Dem Fall liegt folgender Sachverhalt zugrunde:

Ein damals 23 – jähriger Anhänger des FC Schalke 04 war einer der führenden Mitglieder der Fan-Gruppierung „Hugos“. Da es in diesem Umfeld des Öfteren auch zu körperlichen Auseinandersetzungen mit anderen Fan-Gruppierungen kommt, war dieser bereits strafrechtlich mehrfach aufgrund Körperverletzungsdelikten in Erscheinung getreten. Sein letztes Körperverletzungsdelikt zog eine einjährige Jugendstrafe mit sich, wessen Vollstreckung zur Bewährung ausgesetzt wurde.

Im November 2013 plante der Angeklagte zusammen mit weiteren Mitgliedern der „Hugos“ eine eingeübte Choreographie, welche während des Heimspiels des FC Schalke 04 gegen Eintracht Frankfurt im Fanblock gezeigt werden sollte. Bei dieser Inszenierung soll es sich vorwiegend um die ungerechte Ausschließung der Fangruppierung von bestimmten Auswärtsspielen handeln.

Zu Beginn der zweiten Halbzeit zeigte die Gruppierung ein Banner nach oben. 19 Mitglieder der „Hugos“ befanden sich in unmittelbarer Nähe zum Banner und entzündeten zeitgleich 19 Seenotrettungsfackeln. Diese verbreiteten toxische Rauchgase, durch welche acht unbeteiligte Stadionbesucher, unter anderem ein 12 Jahre altes Kind, zum Teil erhebliche Rauchgasverletzungen erlitten.

Konsequenz der Handlung war eine Verurteilung des Angeklagten vor dem Schöffengericht aufgrund gefährlicher Körperverletzung, gemeinschaftlicher Sachbeschädigung sowie etwaigen Verstößen gegen das Versammlungsgesetz. Das Strafmaß sei eine Freiheitsstrafe von einem Jahr sowie sechs Monaten, ohne dass deren Vollzug dabei auf Bewährung ausgesetzt wurde.

Um dennoch eine Strafaussetzung zur Bewährung zu erreichen, legte der Angeklagte Revision gegen das schöffengerichtliche Urteil zum Oberlandesgericht ein. Diese blieb jedoch erfolglos, denn das OLG Hamm hat das Berufungsurteil des vorher zuständigen Landgericht Essen bestätigt. Die Richter begründeten dies wie folgt:

Die gerügte Strafzumessung sei rechtsfehlerfrei. Die Zahl der Geschädigten sowie auch die Unbeherrschbarkeit der vom Angeklagten gezielt heraufbeschworenen Gefahrenlage seien extrem strafschärfend zu berücksichtigen.

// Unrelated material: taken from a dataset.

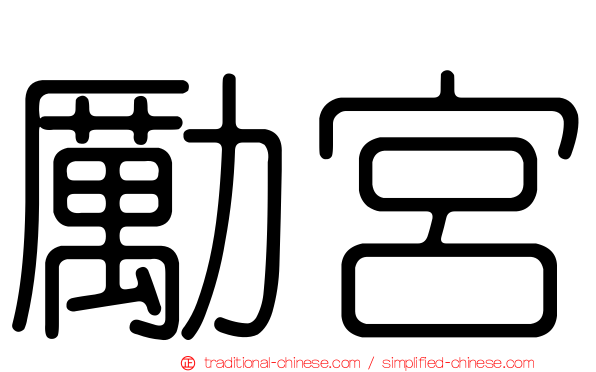 勵宮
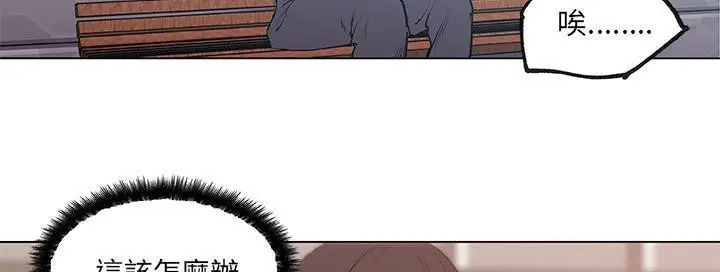 漫画《速食男女》第40话第155张图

Zudem sei zu beachten, dass der Angeklagte bereits zuvor in regelmäßigen Abständen strafrechtliche Auffälligkeiten an den Tag legte und eine gesellschaftliche Besserung der Situation im Sinne der Straftaten nicht ersichtlich sei. Die notwendige positive Sozialprognose, welche für eine Bewährungsaussetzung notwendig wäre, wurde seitens des Landgerichtes zu Recht verneint. Dies sei auch zwingend notwendig gewesen, denn eine im Jahre 2012 verhängte Bewährungsstrafe habe den Angeklagten nicht von der Begehung weiterer Straftaten abhalten können.

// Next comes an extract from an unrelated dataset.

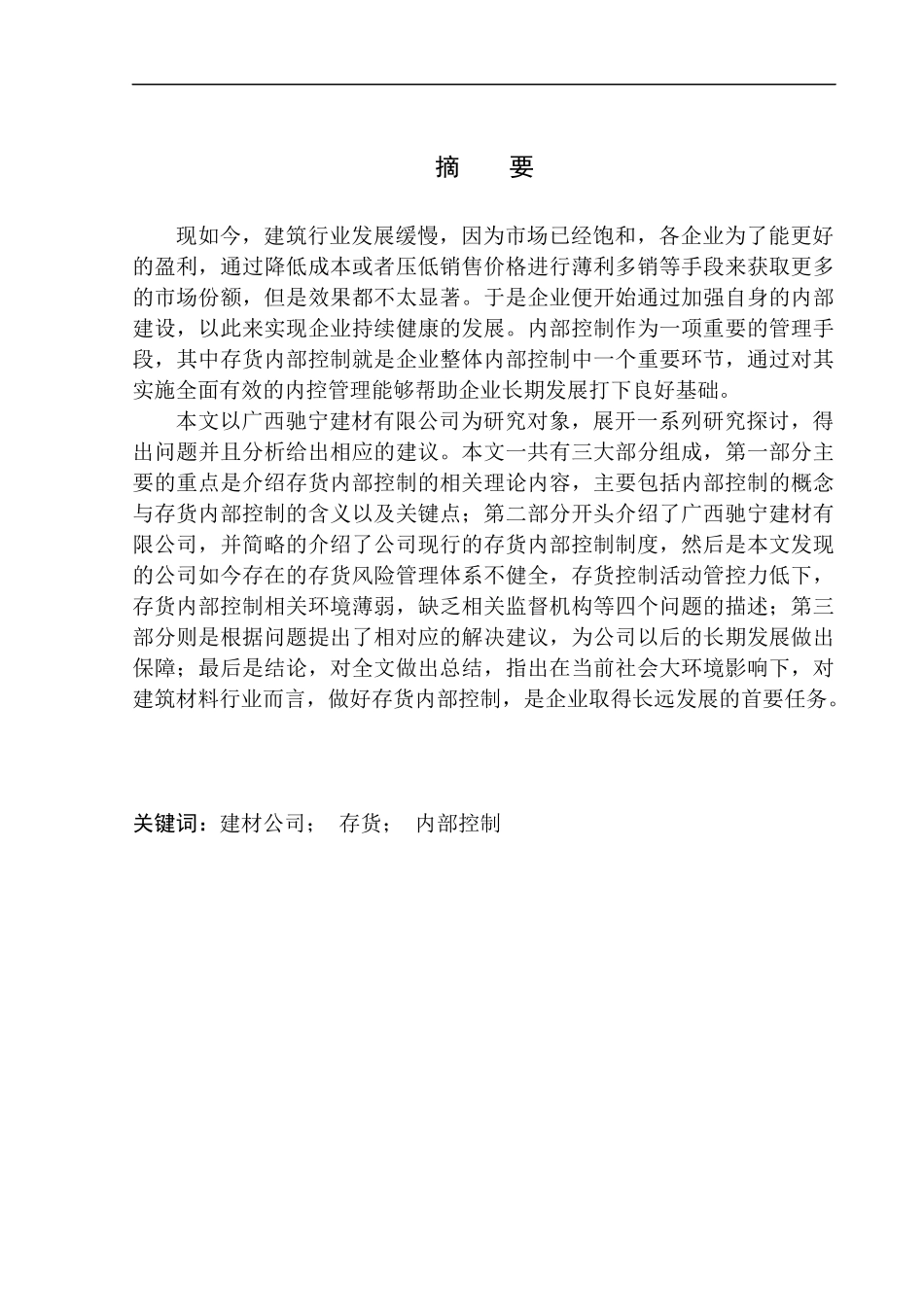 工商管理专业 广西驰宁建材有限公司存货内部控制研究_第1页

Dennoch spreche andererseits auch für den Angeklagten, dass die Auswirkung einer vollstreckten Freiheitsstrafe seine berufliche Zukunft als auch seine bislang positiven Ergebnisse und Verlaufserscheinungen in seiner Schule – sowie Berufsausbildung stark beeinträchtigen und dementieren könnten. Dennoch haben die Richter des Schöffengerichts diese Auswirkungen bereits ausreichend und mit gebotenem Maße bei der Strafzumessung berücksichtigt, dass auch in diesem Fall kein Rechtsfehler ersichtlich ist.

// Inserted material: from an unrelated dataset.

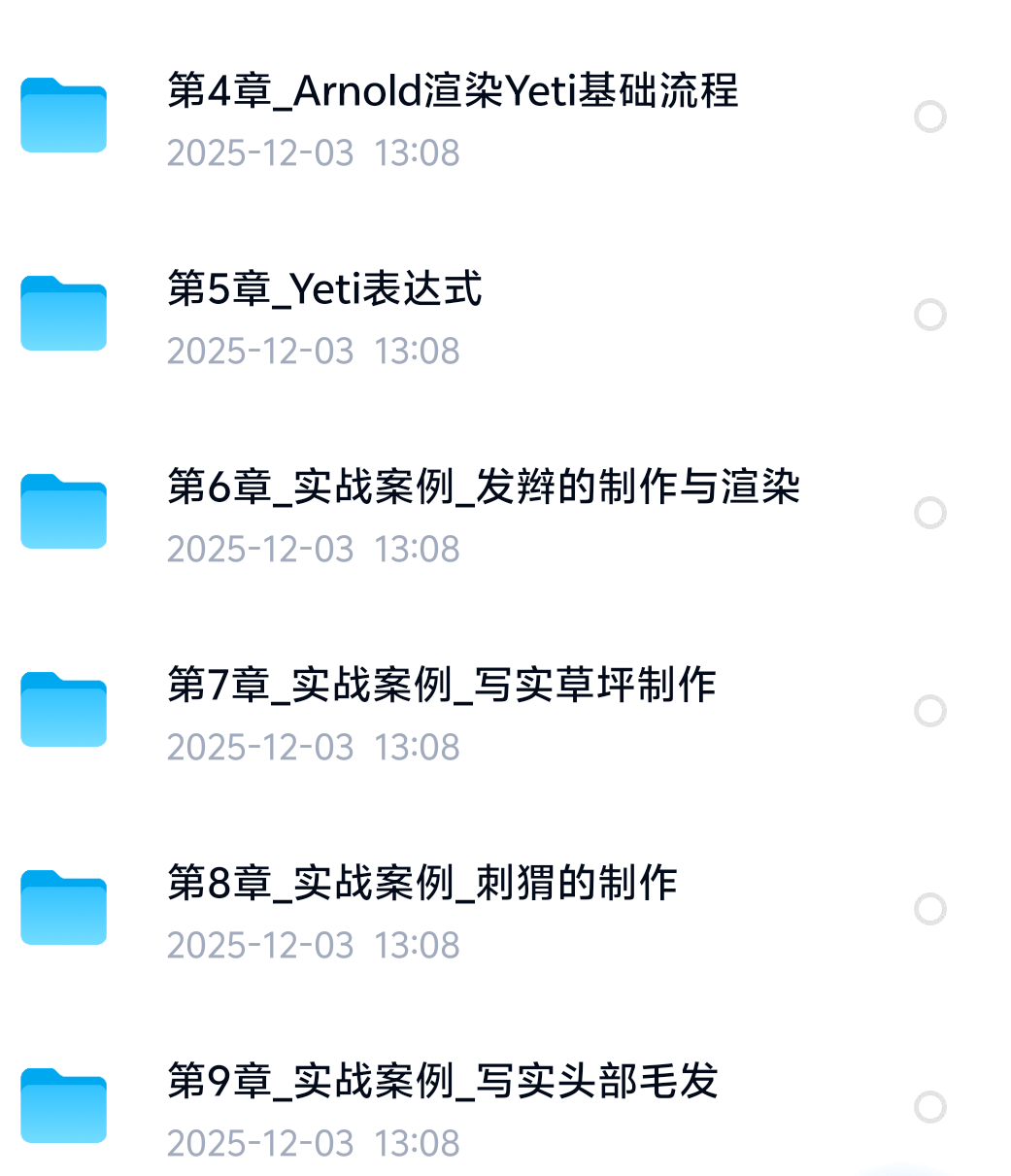 Yeti for maya动画制作毛发渲染高级教程第5张插图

Letztendlich war die Freiheitsstrafe von einem Jahr und sechs Monaten verhältnismäßig, obwohl sich der Angeklagte noch im jugendlichen Alter befand.

OLG Hamm, Beschluss vom 11.08.2015 – 5 RVs 80/15 –

Hinweis:

Bitte beachten Sie, dass es einer genauen Prüfung des Einzelfalls bedarf, um herauszufinden, ob sich Ihr eigener Sachverhalt genau mit dem oben geschilderten Anwendungsfall deckt. Für diesbezügliche Rückfragen stehen wir Ihnen selbstverständlich gerne zur Verfügung.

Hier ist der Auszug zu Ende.